Setelah masa jabatan Bapak Mundor berakhir kemudian di lanjutkan oleh Bapak Darno (1998-2007). Pada masa jabatan Bapak Darno ini keadaan desa sudah mulai maju dan berkembang dengan baik. Sarana irigasi masih banyak dibenahi dan mulai adanya pembukuan dan pengarsipan adsministrasi desa. Para pengurus desa mulai diajarkan tentang keadsministrasian dan bagianya masing-masing.
Pada tahun 2007 diadakan pemilihan kepala desa kembali, dimana di Desa Salamrejo hanya terdapat jago tunggal. Pada masa ini jabatan dipimpin oleh Bapak Khanif (2007-2013). Pada masa jabatan Bapak Khanif, Desa Salamrejo mulai mengadakan peningkatan pembangunan terutama jalan raya. Peningkatan kualitas jalan yang semula hanya batuan kecil kecik di ubah dan dibenahi menjadi jalanan beraspal.

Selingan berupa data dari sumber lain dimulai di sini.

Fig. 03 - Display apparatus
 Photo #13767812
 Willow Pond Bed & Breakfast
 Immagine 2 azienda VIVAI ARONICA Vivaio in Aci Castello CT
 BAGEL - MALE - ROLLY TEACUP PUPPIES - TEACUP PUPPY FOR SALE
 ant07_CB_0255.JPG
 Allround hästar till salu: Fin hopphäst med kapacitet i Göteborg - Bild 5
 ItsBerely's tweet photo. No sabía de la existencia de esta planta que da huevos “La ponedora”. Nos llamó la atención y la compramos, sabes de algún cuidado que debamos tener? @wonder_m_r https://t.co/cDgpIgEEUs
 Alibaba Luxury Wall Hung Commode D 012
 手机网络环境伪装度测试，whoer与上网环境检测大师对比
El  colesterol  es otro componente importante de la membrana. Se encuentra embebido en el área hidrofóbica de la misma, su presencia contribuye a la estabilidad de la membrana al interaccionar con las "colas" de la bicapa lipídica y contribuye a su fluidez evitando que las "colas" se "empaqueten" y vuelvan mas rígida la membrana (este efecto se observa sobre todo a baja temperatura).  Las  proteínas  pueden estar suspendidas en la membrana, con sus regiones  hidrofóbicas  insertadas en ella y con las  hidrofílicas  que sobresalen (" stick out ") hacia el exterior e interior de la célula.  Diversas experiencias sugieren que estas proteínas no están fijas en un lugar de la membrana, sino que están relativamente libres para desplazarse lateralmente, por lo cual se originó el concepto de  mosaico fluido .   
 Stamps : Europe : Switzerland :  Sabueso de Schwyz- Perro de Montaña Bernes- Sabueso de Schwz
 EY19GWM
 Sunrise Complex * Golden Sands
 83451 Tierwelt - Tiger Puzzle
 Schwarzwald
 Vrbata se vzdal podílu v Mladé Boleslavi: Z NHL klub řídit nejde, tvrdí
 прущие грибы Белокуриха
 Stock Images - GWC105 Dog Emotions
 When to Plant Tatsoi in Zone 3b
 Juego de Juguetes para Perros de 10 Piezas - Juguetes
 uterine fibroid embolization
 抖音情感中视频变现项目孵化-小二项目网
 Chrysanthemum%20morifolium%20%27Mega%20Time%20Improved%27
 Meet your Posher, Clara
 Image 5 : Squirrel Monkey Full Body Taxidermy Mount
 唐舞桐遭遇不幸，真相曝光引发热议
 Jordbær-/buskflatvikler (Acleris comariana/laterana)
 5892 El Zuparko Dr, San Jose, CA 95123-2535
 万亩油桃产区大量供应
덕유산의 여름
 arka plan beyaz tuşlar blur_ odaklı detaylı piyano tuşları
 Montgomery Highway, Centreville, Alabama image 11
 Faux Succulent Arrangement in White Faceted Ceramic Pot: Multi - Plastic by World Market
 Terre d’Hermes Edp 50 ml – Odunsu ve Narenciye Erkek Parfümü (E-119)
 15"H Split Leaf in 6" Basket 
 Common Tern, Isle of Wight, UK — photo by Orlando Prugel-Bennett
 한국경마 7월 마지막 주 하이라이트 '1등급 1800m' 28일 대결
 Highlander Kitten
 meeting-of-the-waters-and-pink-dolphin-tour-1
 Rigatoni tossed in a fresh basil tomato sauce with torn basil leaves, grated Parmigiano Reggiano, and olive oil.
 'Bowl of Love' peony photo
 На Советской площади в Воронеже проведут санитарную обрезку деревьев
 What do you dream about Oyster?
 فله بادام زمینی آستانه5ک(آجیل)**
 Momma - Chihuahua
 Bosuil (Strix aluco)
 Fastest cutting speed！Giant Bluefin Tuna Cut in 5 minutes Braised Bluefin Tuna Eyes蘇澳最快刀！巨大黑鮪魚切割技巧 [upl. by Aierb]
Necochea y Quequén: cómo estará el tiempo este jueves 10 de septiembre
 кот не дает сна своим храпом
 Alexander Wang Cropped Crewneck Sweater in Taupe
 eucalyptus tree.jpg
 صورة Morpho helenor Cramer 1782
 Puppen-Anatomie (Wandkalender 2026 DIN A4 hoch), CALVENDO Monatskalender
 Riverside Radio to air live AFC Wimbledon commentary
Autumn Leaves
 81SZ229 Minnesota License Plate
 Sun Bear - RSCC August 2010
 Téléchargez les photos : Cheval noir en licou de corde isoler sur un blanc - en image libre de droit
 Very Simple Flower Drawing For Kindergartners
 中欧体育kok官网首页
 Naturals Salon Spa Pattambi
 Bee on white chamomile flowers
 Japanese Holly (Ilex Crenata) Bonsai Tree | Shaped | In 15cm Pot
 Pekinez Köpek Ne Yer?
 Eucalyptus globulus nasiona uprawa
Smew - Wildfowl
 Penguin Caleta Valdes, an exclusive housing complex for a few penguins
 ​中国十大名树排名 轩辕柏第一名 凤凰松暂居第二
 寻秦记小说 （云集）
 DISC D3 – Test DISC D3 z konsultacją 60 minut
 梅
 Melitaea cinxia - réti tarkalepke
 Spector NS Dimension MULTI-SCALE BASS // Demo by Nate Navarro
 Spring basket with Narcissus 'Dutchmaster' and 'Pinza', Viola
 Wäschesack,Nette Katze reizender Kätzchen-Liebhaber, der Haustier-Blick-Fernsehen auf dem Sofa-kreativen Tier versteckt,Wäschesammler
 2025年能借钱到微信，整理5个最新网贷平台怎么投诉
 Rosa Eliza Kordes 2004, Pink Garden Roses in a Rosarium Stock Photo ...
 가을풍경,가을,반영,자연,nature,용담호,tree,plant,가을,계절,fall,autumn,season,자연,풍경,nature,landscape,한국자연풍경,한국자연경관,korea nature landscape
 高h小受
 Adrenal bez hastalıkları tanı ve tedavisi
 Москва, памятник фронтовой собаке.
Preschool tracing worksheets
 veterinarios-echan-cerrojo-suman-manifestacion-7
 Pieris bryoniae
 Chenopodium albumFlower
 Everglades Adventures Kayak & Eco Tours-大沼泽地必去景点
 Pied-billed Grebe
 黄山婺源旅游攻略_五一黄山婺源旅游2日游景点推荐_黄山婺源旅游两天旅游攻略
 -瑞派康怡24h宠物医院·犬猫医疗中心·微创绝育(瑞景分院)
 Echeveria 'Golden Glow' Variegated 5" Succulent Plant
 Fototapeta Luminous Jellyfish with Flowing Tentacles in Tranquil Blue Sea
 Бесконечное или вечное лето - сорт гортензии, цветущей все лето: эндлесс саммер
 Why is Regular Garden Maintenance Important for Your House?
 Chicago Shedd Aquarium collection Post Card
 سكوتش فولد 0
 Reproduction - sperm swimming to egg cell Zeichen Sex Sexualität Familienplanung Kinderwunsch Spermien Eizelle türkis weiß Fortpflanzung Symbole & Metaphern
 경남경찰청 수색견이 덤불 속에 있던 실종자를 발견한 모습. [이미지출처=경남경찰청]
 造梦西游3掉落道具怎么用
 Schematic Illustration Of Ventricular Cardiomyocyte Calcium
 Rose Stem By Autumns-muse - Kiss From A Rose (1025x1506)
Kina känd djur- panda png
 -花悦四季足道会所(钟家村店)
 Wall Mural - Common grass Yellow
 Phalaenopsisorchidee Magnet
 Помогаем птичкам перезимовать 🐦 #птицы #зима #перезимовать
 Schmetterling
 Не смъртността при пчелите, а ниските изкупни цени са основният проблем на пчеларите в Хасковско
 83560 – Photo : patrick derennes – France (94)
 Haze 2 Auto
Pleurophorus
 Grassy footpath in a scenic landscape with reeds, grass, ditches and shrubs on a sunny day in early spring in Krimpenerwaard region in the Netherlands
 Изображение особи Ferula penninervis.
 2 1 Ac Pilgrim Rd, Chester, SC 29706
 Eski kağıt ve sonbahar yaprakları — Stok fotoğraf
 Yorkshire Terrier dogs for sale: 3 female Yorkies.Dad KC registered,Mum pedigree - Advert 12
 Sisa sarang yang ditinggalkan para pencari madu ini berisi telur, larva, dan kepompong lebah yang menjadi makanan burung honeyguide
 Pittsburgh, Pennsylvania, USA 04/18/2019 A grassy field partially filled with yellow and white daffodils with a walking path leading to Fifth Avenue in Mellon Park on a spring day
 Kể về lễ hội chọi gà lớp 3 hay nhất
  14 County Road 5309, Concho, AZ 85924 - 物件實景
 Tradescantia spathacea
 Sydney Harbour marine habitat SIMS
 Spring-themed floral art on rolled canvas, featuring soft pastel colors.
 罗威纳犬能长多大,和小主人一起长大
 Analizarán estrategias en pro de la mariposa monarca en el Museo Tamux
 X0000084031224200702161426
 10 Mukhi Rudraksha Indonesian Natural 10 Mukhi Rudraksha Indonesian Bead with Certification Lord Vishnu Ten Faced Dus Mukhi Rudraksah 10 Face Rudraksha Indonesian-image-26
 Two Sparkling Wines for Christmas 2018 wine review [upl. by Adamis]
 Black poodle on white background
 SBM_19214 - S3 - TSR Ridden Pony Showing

Setelah berakhirnya masa jabatan Bapak Khanif, kini jabatan digantikan oleh Bapak Sunaryanto (2013-sekarang). Pada masa jabatan Bapak Sunaryanto ini, banyak dilakukan pembenahan-pembenahan desa. Pembenahan jalan pun turut dilakukan. Penataan ulang desa juga dilakukan untuk menambah peningkatan kesejahteraan masyarakat serta peningkatan pelayanan publik. Keberhasilan dalam mengelola BUMDes juga memengaruhi dalam berkembangnya kesejahteraan masyarakat desa. Pada masa jabatan Bapak Sunaryanto ini, kegiatan-kegiatan yang dilakukan didesa bertujuan untuk pembinaan dan pemberdayaan masyarakat.
Pada tahun 2014 Desa Salamrejo meraih swasembada dengan perolehan nilai dari berbagai macam sektor, salah satunya adalah sektor di bidang ekonomi. Pada masa ini sektor ekonomi di Desa Salamrejo sudah lebih baik dari sebelumnya. Masyarakat yang dulunya cenderung bergerak statis dan hanya bergantung pada nasib serta keberuntungan, kini mulai aktif dalam mengembangkan bakat kreatifitas mereka. Hubungan sosial dan budaya dari masyarakat desa sendiri juga berjalan dengan begitu erat dan saling berkaitan. Beberapa adat istiadat setempat juga masih dilestarikan, salah satunya budaya kenduri itu sendiri. Selain kenduri, gotong-royong juga masih sering dilakukan.
Keberagaman masyarakat yang begitu menonjol, menjadikan masyarakat Desa Salmarejo saling bergantungan dan saling memiliki. Mereka dapat melihat peluang hidup hanya dengan memahami perbedaan yang ada. Karena dengan perbedaan tersebut mereka tercipta dan hidup dengan layak. Setidaknya dengan adanya perbedaan tersebut juga menjadikan mereka kreatif dan mau untuk berpikir lebih jauh.